◆ **Exercise prompt**:
Please give back each line below unchanged; none of the pictures should appear.

◆ **Available data**:

########################################

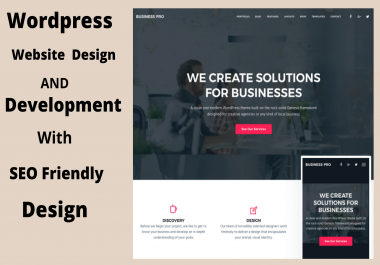 I Will build Seo friendly responsive wordpress website design and development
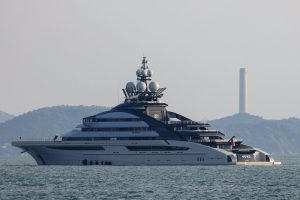 Russian Oligarch Yacht ‘Nord’ Leaves Hong Kong Waters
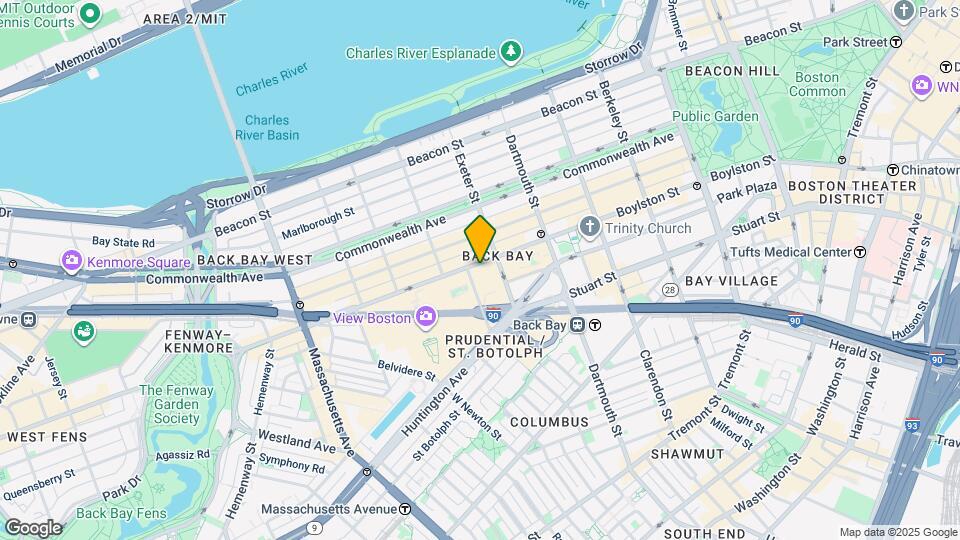 744 Boylston St Map and Location Details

########################################

◆ **Answer to the exercise**:
 I Will build Seo friendly responsive wordpress website design and development
 Russian Oligarch Yacht ‘Nord’ Leaves Hong Kong Waters
 744 Boylston St Map and Location Details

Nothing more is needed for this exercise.